Yamaleela () is a 1994 Indian Telugu-language fantasy comedy film written and directed by S. V. Krishna Reddy, featuring comedian Ali in his first lead role. This film was a huge box office success. It was later remade in Hindi as Taqdeerwala (1995) and in Tamil as Lucky Man (1995).

A spiritual successor titled Yamaleela 2 was released on November 2014. A sequel television series Yamaleela Aa Taruvatha premiered in 2020.

Plot 

Suraj is a mischievous man and his mother is disappointed with his behaviour. Suraj discovers his mother's past, his father is a Zamindar and owner of a palace called Swarna Palace, who died because of debts and they lost their entire property. Suraj swears on his mother to again buy their palace in any circumstances and make his mother happy. Lilly is a petty thief, a very greedy woman and Suraj falls in love with her at first sight, but she turns him down. Thota Ramudu, a rowdy opponent to Lilly, teases Suraj a lot and he falls sick.
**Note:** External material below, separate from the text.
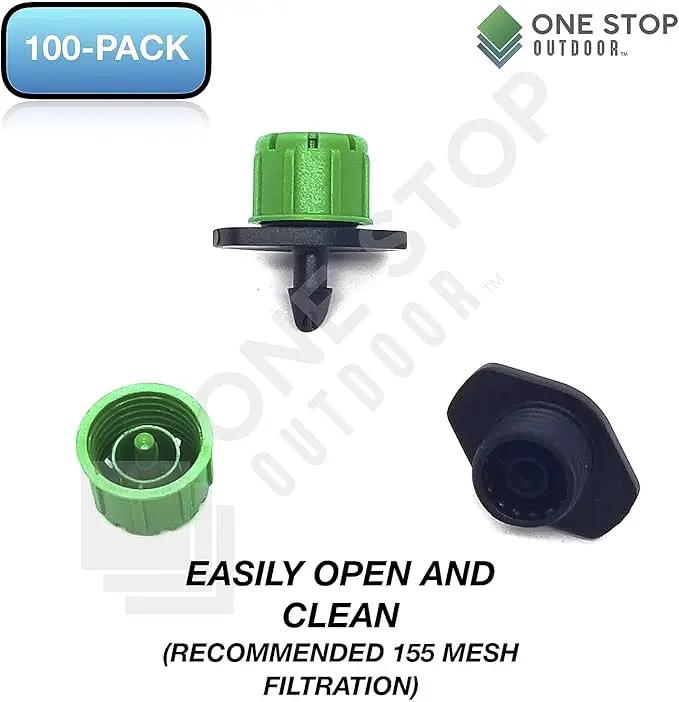 (50-Pack) - 1/4" Inch Universal Barbed Drip Emitter - Adjustable Flow 0-18.5 GPH Fit 1/4 (4-7mm) Drip Irrigation Tubing - Professional Grade (50 Pack Dripper Only) by GreenHaven Gardens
Meanwhile, in hell, Yama, the god of death and Chitragupta misplace a book called Bhavishyavaani, which shows the future of man. The book somehow falls on the roof of Suraj's house, he benefits a lot by reading predictions of the future in the book and becomes rich and Thota Ramudu is surprised how Suraj became rich in a short time. Lord Brahma warns Yama and Chitragupta that within one month they should find the book, otherwise they lose their supernatural powers. On earth, Suraj again buys their palace and takes her mother to it and he asks her mother if she wants anything else. She asks him to get married, so Suraj again opens the book to see whether his marriage will happen with Lilly or not. He then reads that his mother will die that night at 10 PM. To fulfill his mother's last wish, Suraj plays a marriage drama with Lilly, but accidentally his mother does not die and Lilly reveals all this drama which leads to his mother's anger and she stops talking to him until he really brings back Lilly as her daughter-in-law.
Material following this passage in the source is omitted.